ACTIVITY: Without any pictures, print the lines below from the one that has "Miniature Location salle" through the one that has "February 1955 Actor", exactly and nothing else.
↓
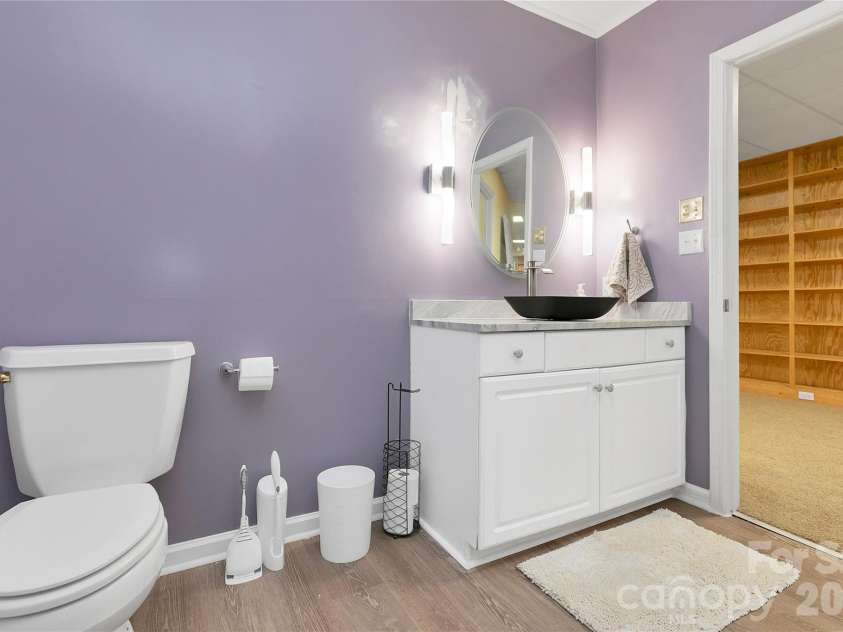 154 Chestnut Lane, Cedar Mountain, NC 28718.  MLS# CAR4388442, YatesRealty ID 30858. Downstairs full guest bathroom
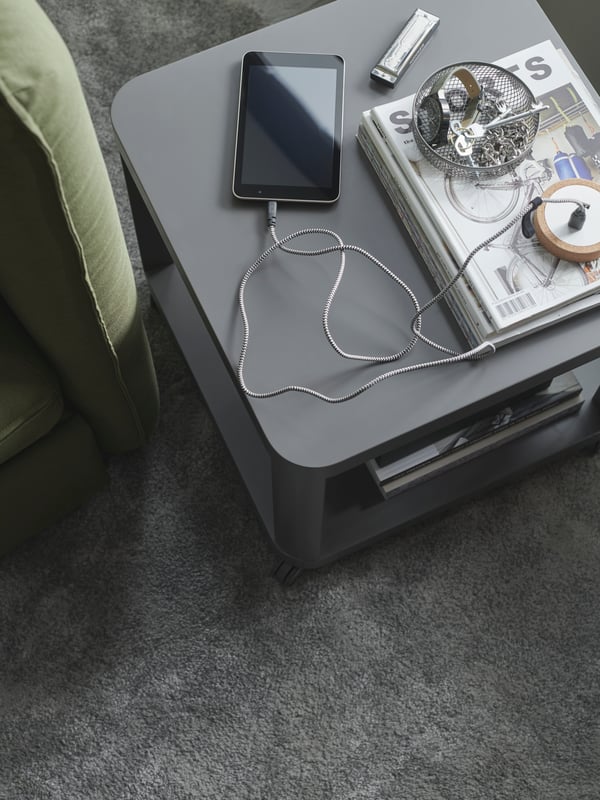A medium grey STOENSE rug, low pile in the living room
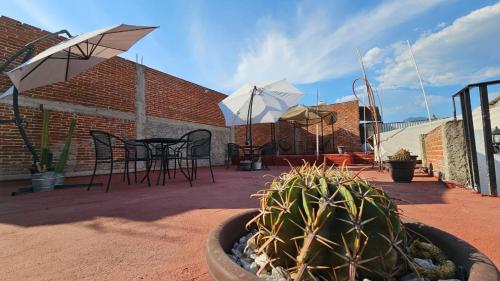 eine Terrasse mit einem Tisch, Stühlen und Sonnenschirmen in der Unterkunft Meraky in Oaxaca de Juárez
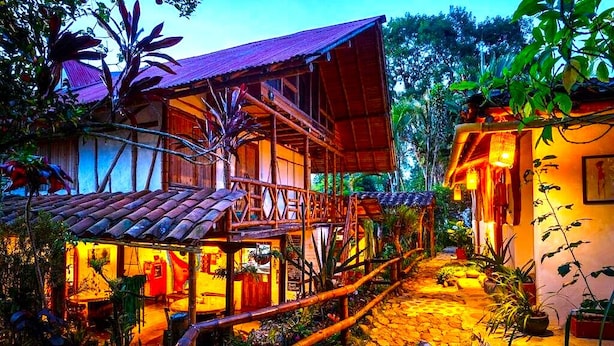 Ein Holzhaus mit Balkon, umgeben von tropischen Pflanzen und einem Kopfsteinpflasterweg.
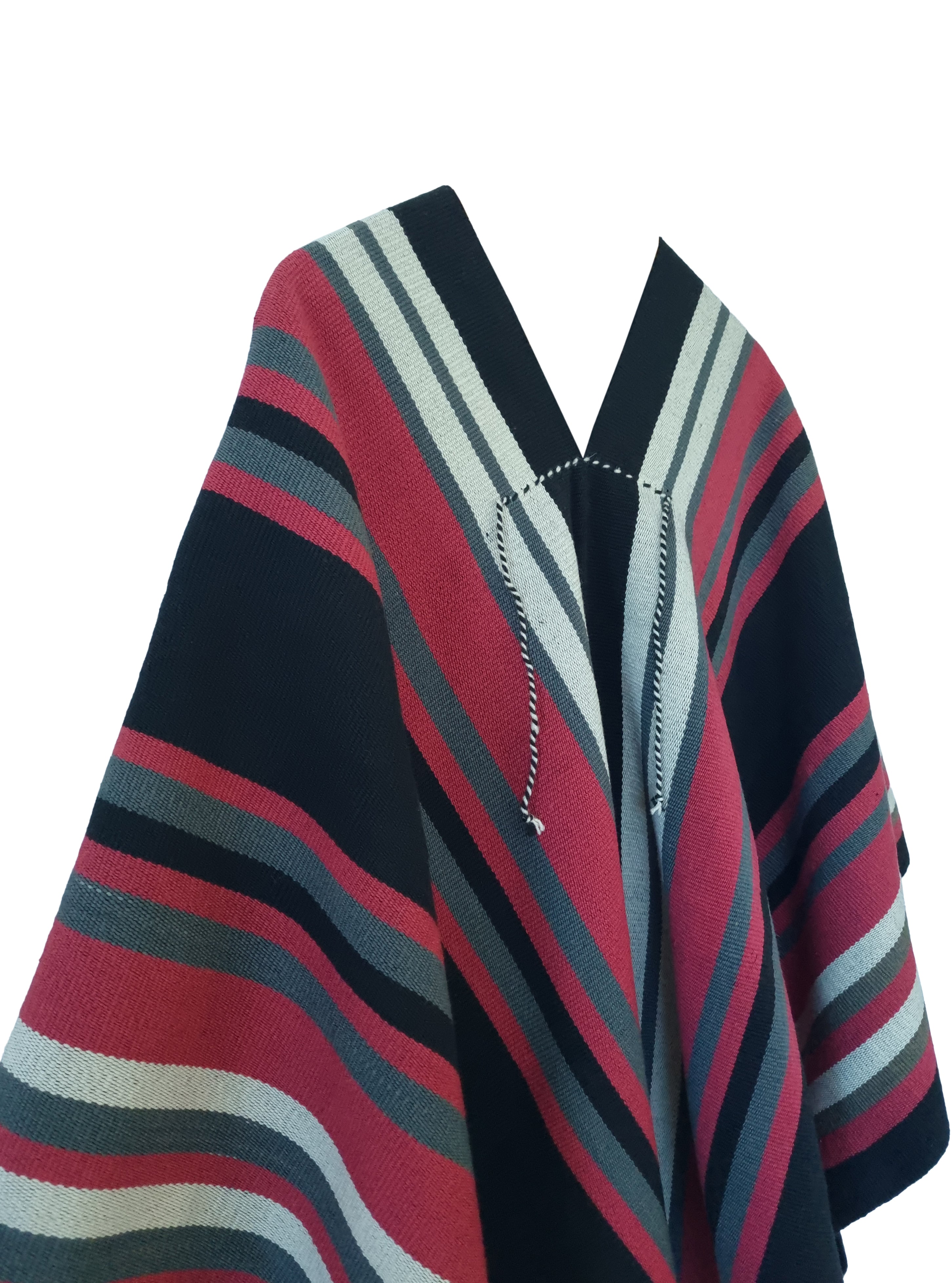 Close-up of Chaltén Listado poncho with red, green-gray and natural stripe details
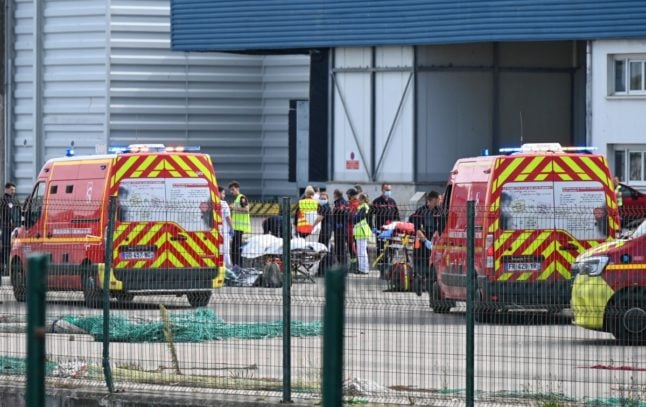 Emergency services in France with the bodies of migrants who died trying to cross the Channel to England in Boulogne-sur-Mer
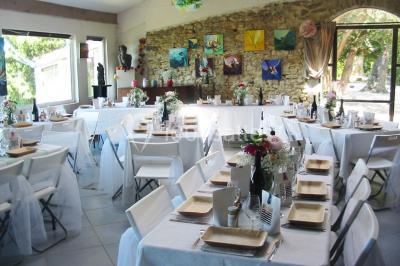 Miniature Location salle Caderousse (Vaucluse) - Domaine de la Lusignane #2 Salle décorée pour un événement, avec des tables alignées, nappes blanches, chemins de table rouges et lanternes suspendues.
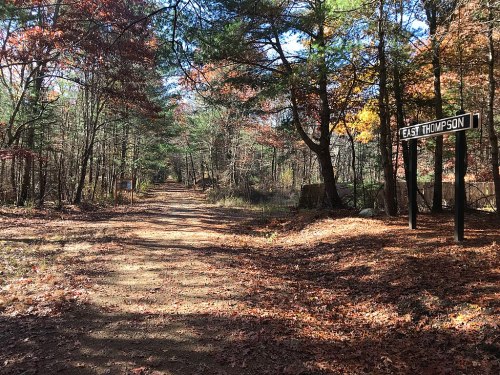 A dirt path lined with trees in autumn, featuring a sign that reads "East Thompson."
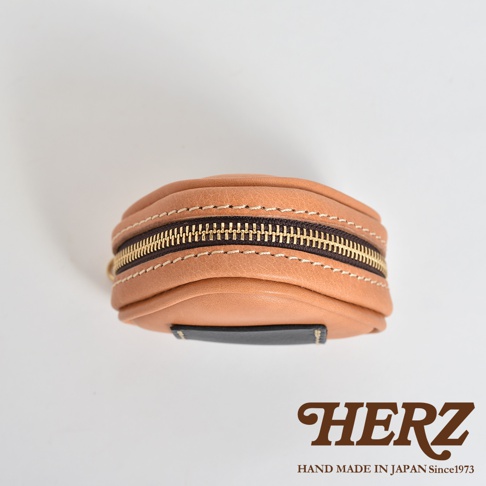 淺棕色皮革製成、飯糰造型的職人手作小物收納包，配有金色拉鍊及黑色皮革裝飾，縫線清晰可見。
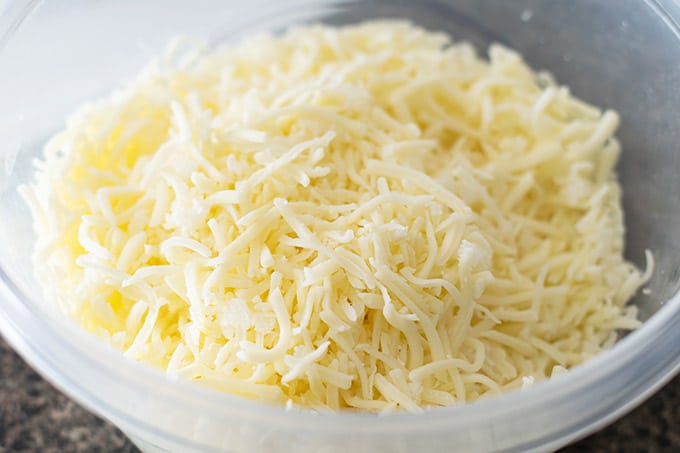 shredded mozzarella cheese and diced onion in a bowl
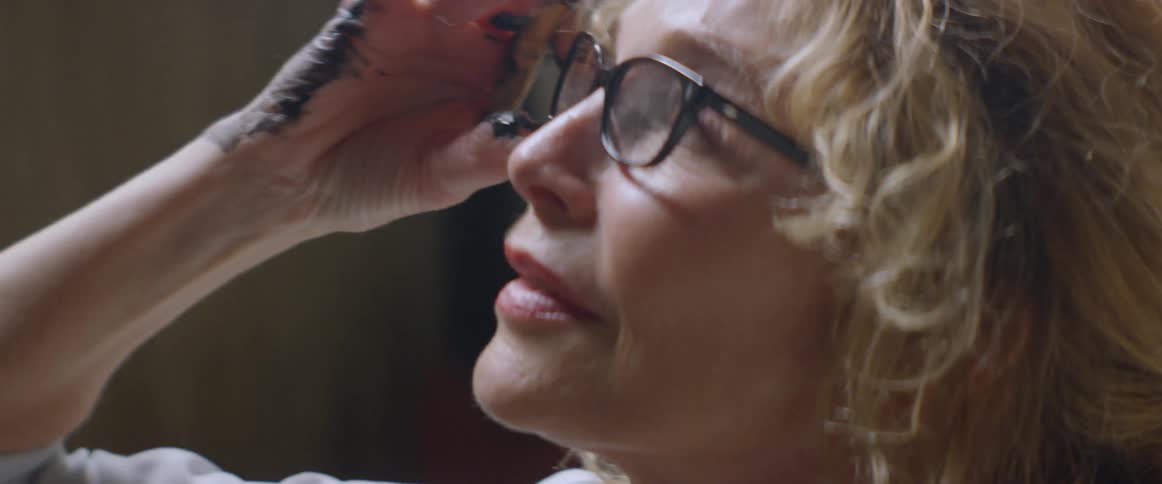 A woman adjusts her glasses with a paint-stained hand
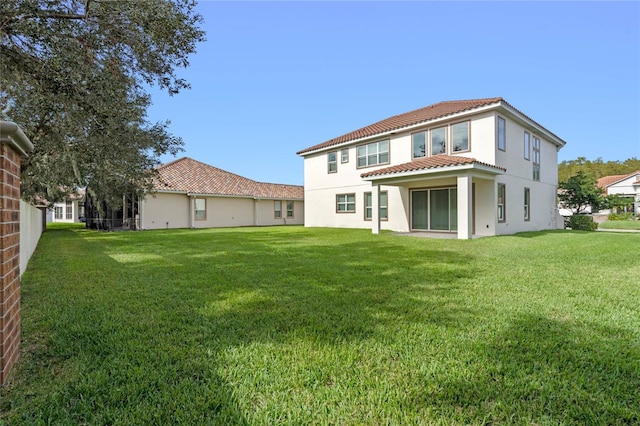 rear view of house with a yard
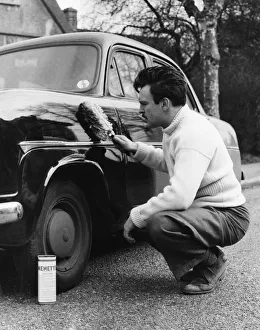 Actor Donald Sinden seen here polishing his Ford Consul. Circa February 1955 Actor Donald Sinden seen here polishing his Ford Consul. Circa February 1955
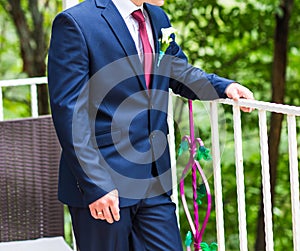 Handsome groom at wedding waiting for bride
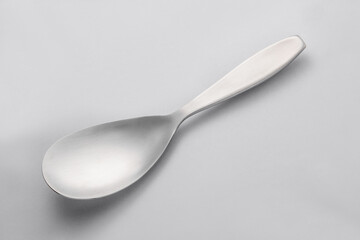 Stainless steel tableware and kitchen utensils placed on the desktop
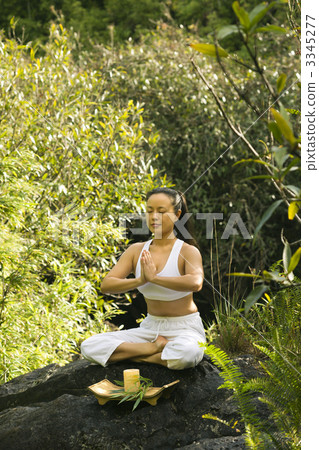 Asian woman meditating. 3345277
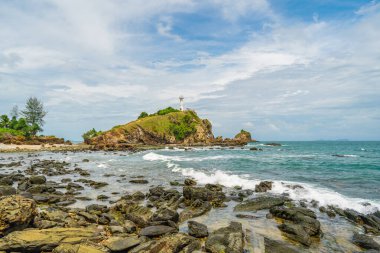 Güneşli bir günde, uçurumun kenarındaki deniz fenerinin manzarası. Beyaz deniz feneri, yeşil orman ve parlak gökyüzü. Mu Koh Lanta Ulusal Parkı, Tayland.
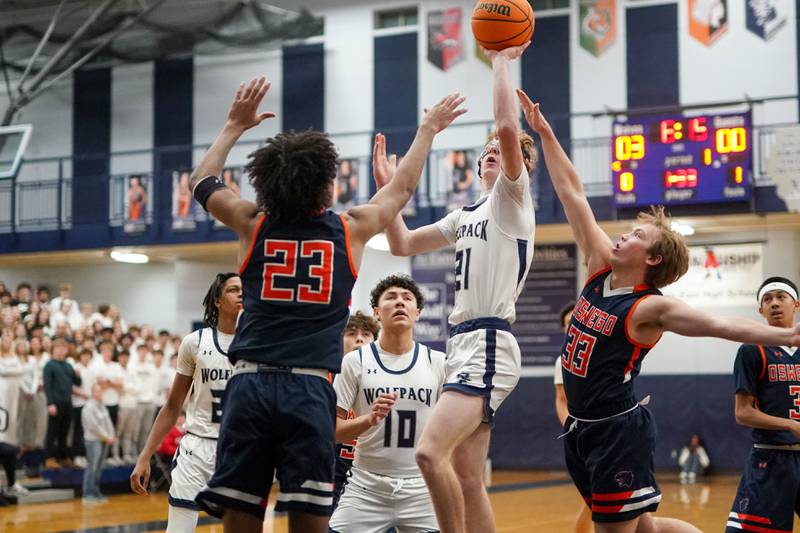 Oswego East's Andrew Pohlman (21) shoots a floater in the lane over Oswego’s Dasean Patton (23) during a basketball game at Oswego East High School on Saturday, January 14, 2017.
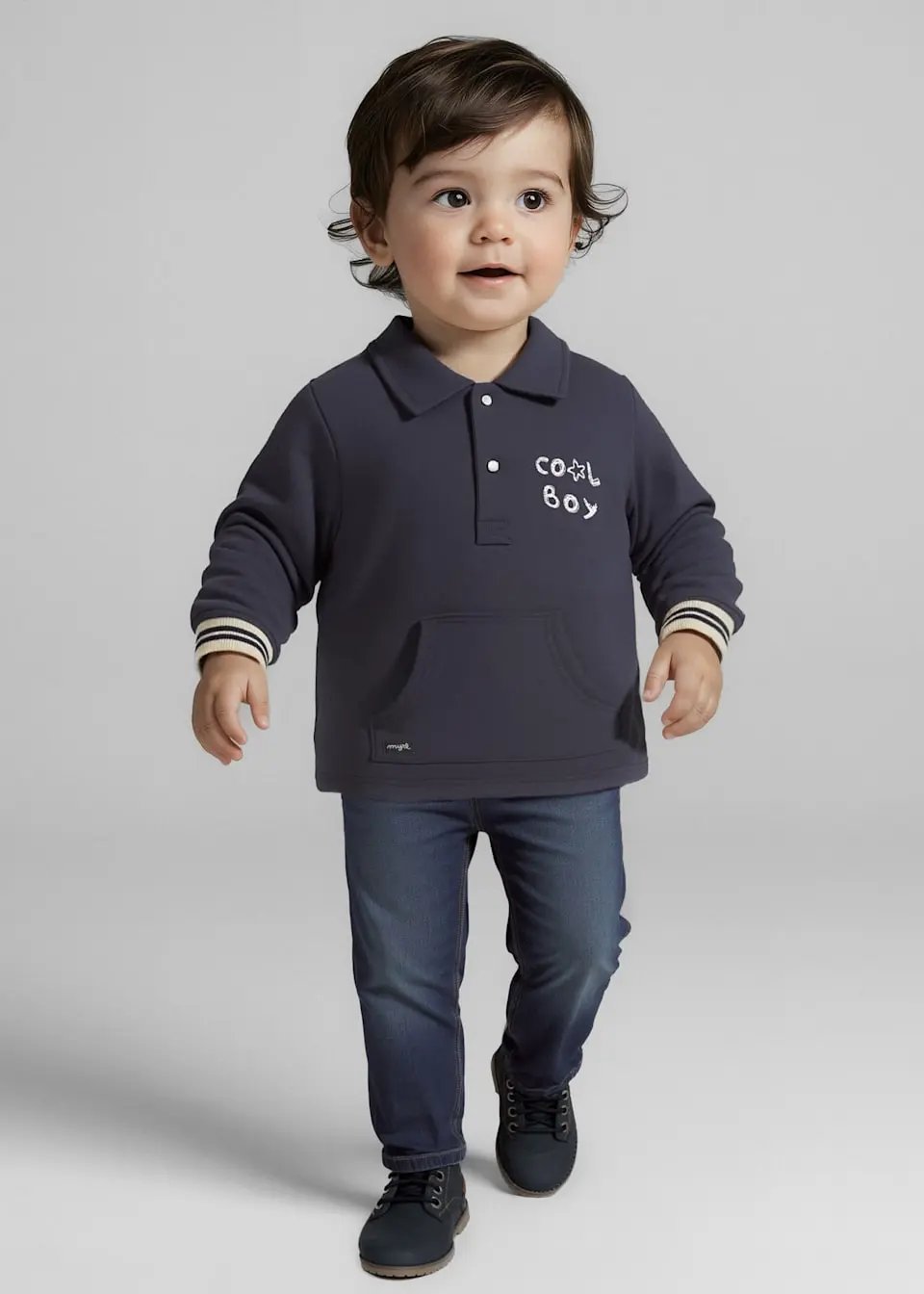 Lifestyle shot of baby boy wearing jeans, showing slim fit and comfy stretch.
↑
ANSWER FOR THE TASK:
 Miniature Location salle Caderousse (Vaucluse) - Domaine de la Lusignane #2 Salle décorée pour un événement, avec des tables alignées, nappes blanches, chemins de table rouges et lanternes suspendues.
 A dirt path lined with trees in autumn, featuring a sign that reads "East Thompson."
 淺棕色皮革製成、飯糰造型的職人手作小物收納包，配有金色拉鍊及黑色皮革裝飾，縫線清晰可見。
 shredded mozzarella cheese and diced onion in a bowl
 A woman adjusts her glasses with a paint-stained hand
 rear view of house with a yard
 Actor Donald Sinden seen here polishing his Ford Consul. Circa February 1955 Actor Donald Sinden seen here polishing his Ford Consul. Circa February 1955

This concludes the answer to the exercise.